The 7th New York Cavalry Regiment, the "Northern Black Horse Cavalry" and more properly designated 1st Regiment New York Mounted Rifles, was a cavalry regiment of the Union Army during the American Civil War.

Service
This regiment was organized at Troy, New York to serve three years. November 18, 1861, it was designated by the State authorities as the 2nd Regiment of Cavalry; by the War Department it was designated 7th N. Y. Volunteer Cavalry, under which designation it was mustered out of service, and was, therefore, so recorded.

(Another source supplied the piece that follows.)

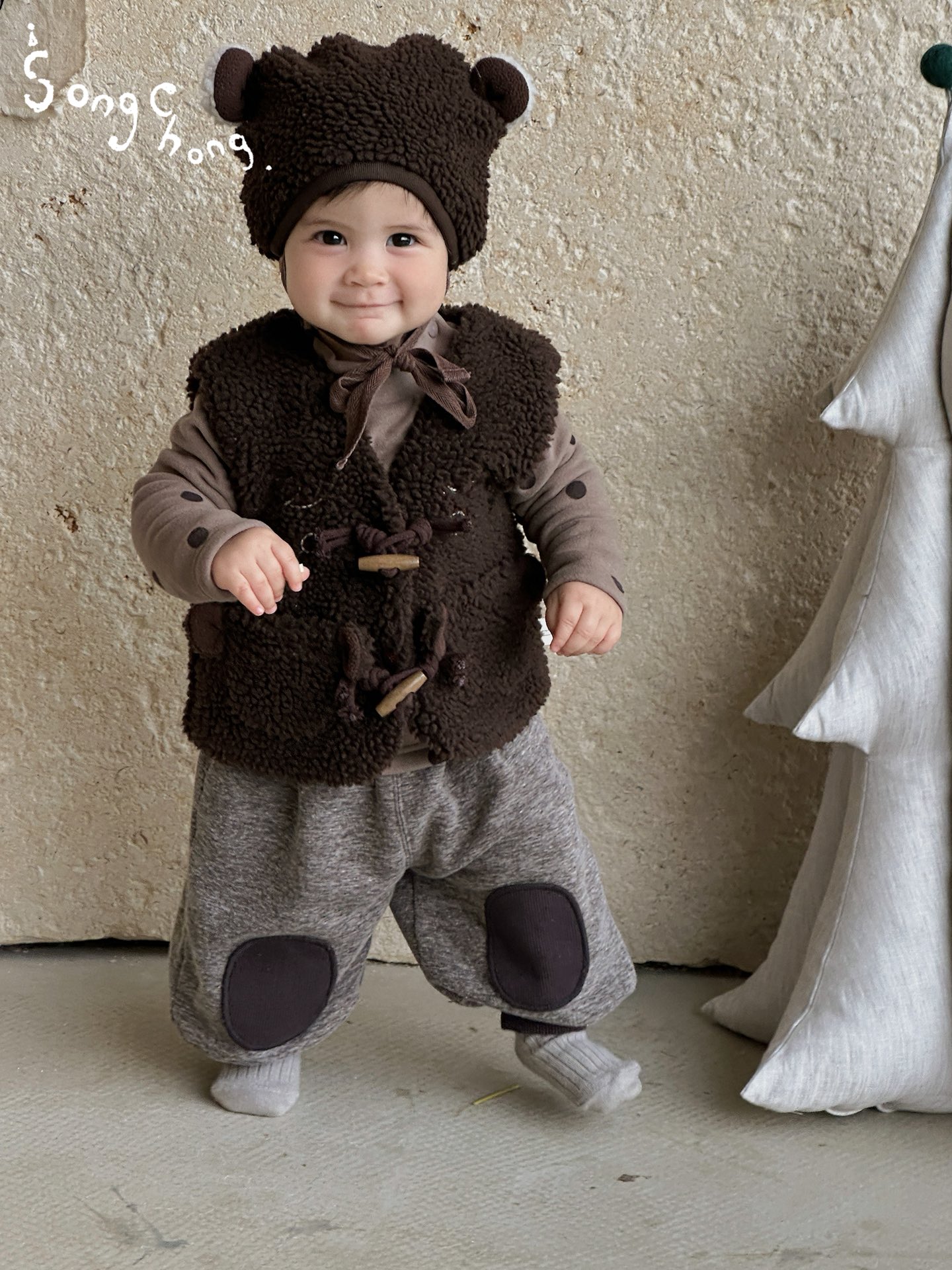 SC--25610--羊羔毛马甲--NO退NO换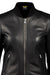 Women Bomber Leather Jacket- Black Leather Jacket for Women-Leatheroxide Leatheroxide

The companies were mustered in the service of the United States:

 A at Salem, November 6;
 B at Sandy Creek, November 6;
 C, D, E, F and H at Troy, November 6; and G at Elmira, November 8, 1861.

There were only eight companies organized and these were recruited principally:

 A at Salem;
 B at Sandy Creek;
 C at Troy, Hoosick Falls, Schenectady, Berlin, Petersburgh and Grafton;
 D at Troy, Ogdensburgh, Newburgh, Saugerties and Goshen;
 E at Troy, Lowville, Albany and Carthage;
 F at Troy, Ballston, Broadalbin, Gloversville and Mayfield;
 G at Elmira, Lockport and Troy;
 H at Troy, Boonville, Ballston, Schulyerville, Nassau and Pittstown.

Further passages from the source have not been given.